Novos Alimentos são os alimentos ou substâncias sem histórico de consumo no país ou alimentos com substâncias já consumidas, a que, entretanto, venham a ser adicionadas ou utilizadas em níveis muito superiores aos atualmente observados nos alimentos utilizados na dieta regular. Significa dizer que novas formas de fabricar um alimento já integrado no consumo diário dos brasileiros ensejam a classificação como Novo Alimento pelas diretrizes da Anvisa. É o exemplo da proteína isolada do leite (whey), do colágeno de frango tipo II e do leite produzido a partir de vacas com o genótipo A2A2.

Ainda, o documento “Novos Alimentos e Ingredientes: Documento de Base para Discussão Regulatória” publicado pela agência sanitária em 2020, no qual propõe-se uma revisão da legislação acerca dos Novos Alimentos, acrescenta ao conceito menção explícita aos alimentos que “consistam em culturas de células ou culturas de tecidos ou tenham sido produzidos a partir destas culturas”.

É justamente o caso da carne cultivada.

Os Novos Alimentos já possuem um fluxo administrativo a seguir, dentro da estrutura da Anvisa, que exige um relatório técnico científico de avaliação de risco e demonstração de segurança a ser avaliado por uma Comissão de Assessoramento Técnico-científica em Alimentos Funcionais e Novos Alimentos constituída pela agência. Mas, certamente, a introdução da carne cultivada no Brasil exigirá alguns degraus adicionais de regulação, a exemplo daquilo que se viu nos Estados Unidos.

Em paralelo, é possível premeditar uma concorrência regulatória do Ministério da Agricultura e Pecuária com a Anvisa. Isso em razão de a carne de laboratório poder ser considerada como “um produto de origem animal”, o qual, portanto, deverá ser registrado no Departamento de Inspeção de Produtos de Origem Animal do Ministério da Agricultura, nos termos do Decreto 30.691/52 (Alterado pelo Decreto 8.681/2016). Claro que a regulação concorrencial, para o mesmo fim (garantia da segurança alimentar) é uma afronta à eficiência, violando, inclusive um dos princípios do SUS (artigo 7º, XIV da Lei Orgânica da Saúde 8.080/90) que determina uma suficiente organização da atividade administrativa “de modo a evitar duplicidade de meios para fins idênticos”.

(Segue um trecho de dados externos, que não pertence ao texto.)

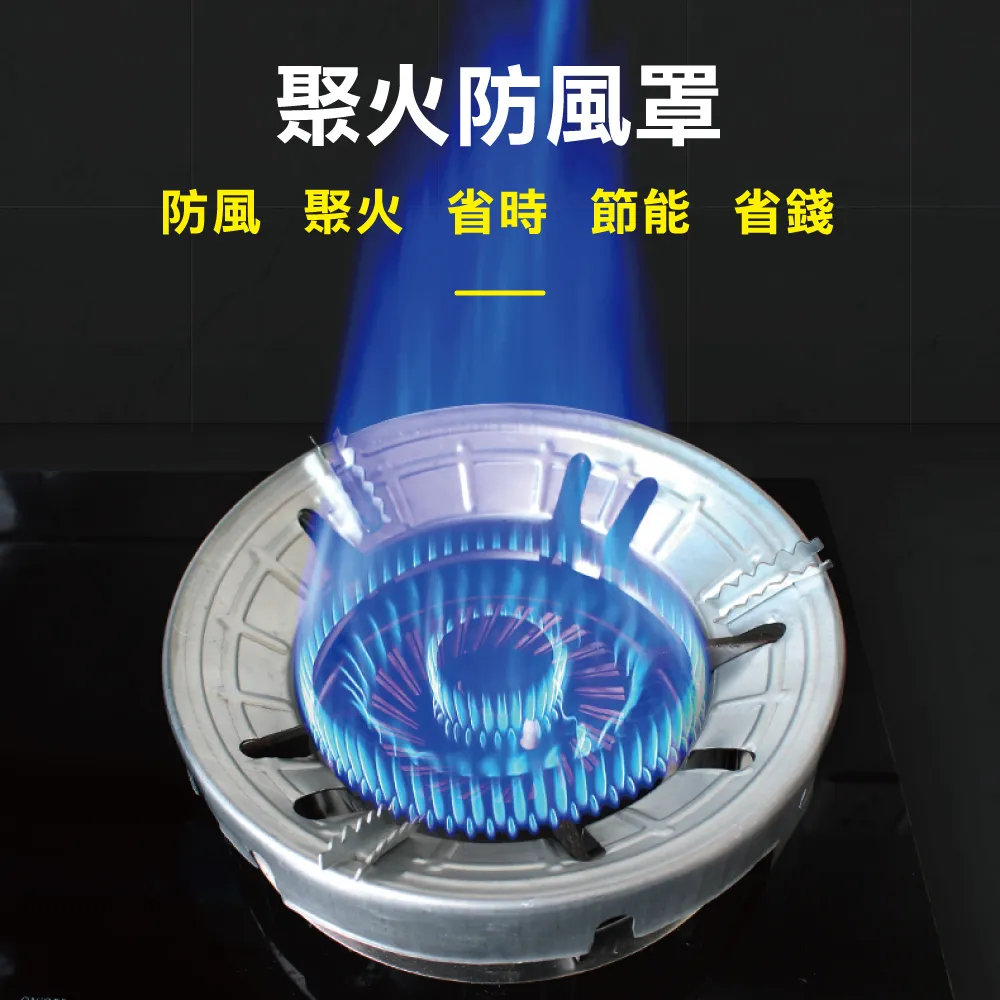 聚火圈節能防風罩通用防滑鍋爐支架煤氣灶燃氣灶架托遮擋風板家用~沁沁百貨 歷史價格詳細信息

Assim, por mais que em um primeiro momento a carne cultivada possa causar dúvidas sobre o preparo normativo do Brasil para assimilar essa tecnologia, é certo que o pais já possui uma arquitetura regulatória suficiente e disponível a fabricantes e importadores dessa valiosa nova forma de produção de alimento.

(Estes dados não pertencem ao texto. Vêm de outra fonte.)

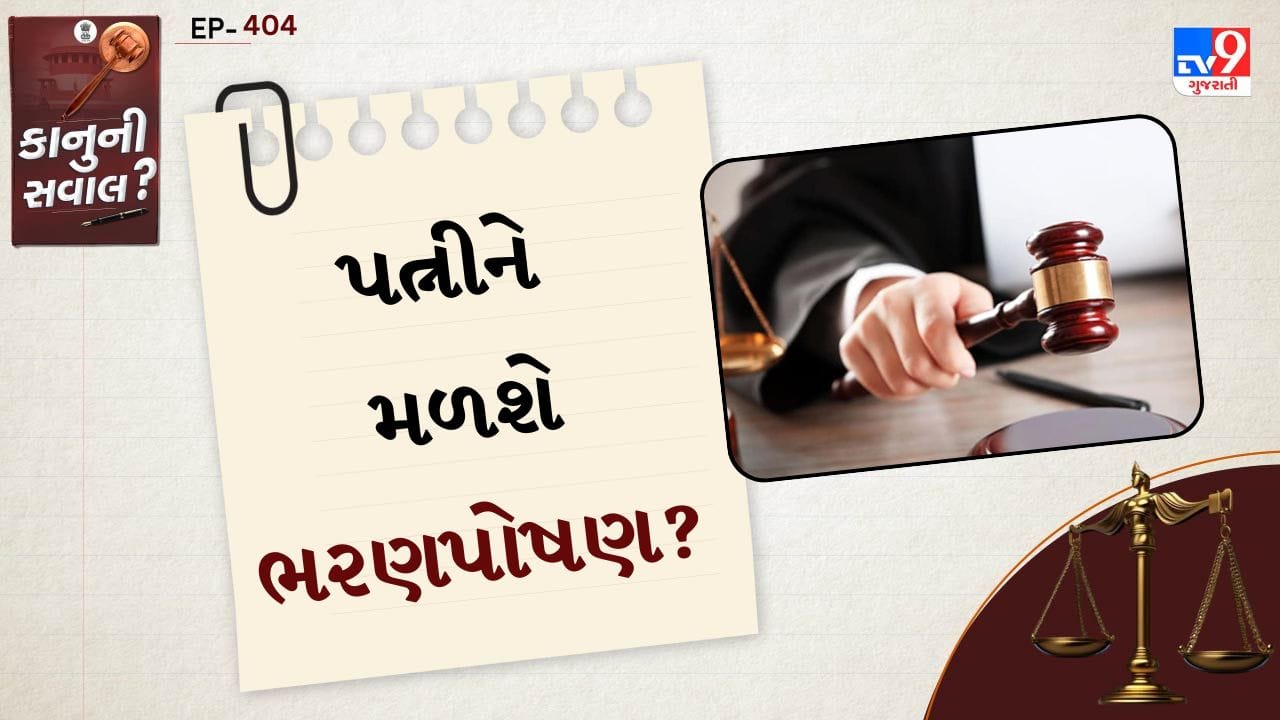 શું પત્ની શિક્ષિત અને કમાવવા સક્ષમ હોવા છતાં પણ ભરણપોષણનો દાવો કરી શકે છે? અલ્હાબાદ હાઈકોર્ટે ભરણપોષણના કેસમાં એક મહત્વપૂર્ણ અવલોકનમાં જણાવ્યું હતું કે ફક્ત એટલા માટે કે પત્ની શિક્ષિત છે અથવા કમાવવાની ક્ષમતા ધરાવે છે, તેને CrPCની કલમ 125 હેઠળ ભરણપોષણનો દાવો કરવાથી રોકી શકાતી નથી.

Dito isso, como ainda não há nenhum alimento registro no Brasil com esse perfil, é bastante provável que haja um desenvolvimento da regulação setorial, a partir do surgimento dos primeiros casos. No mais, é de se lembrar que a ininterrupta evolução tecnológica exigirá da Anvisa uma constante atualização, além de contínuo diálogo com produtores e importadores de carne cultivada, sem prejuízo do benchmarking como com as agências reguladoras internacionais de primeira linha, a fim de diminuir riscos e seguir estimulando o ingresso de tecnologias alimentares que contribuam para o desenvolvimento sustentável da sociedade.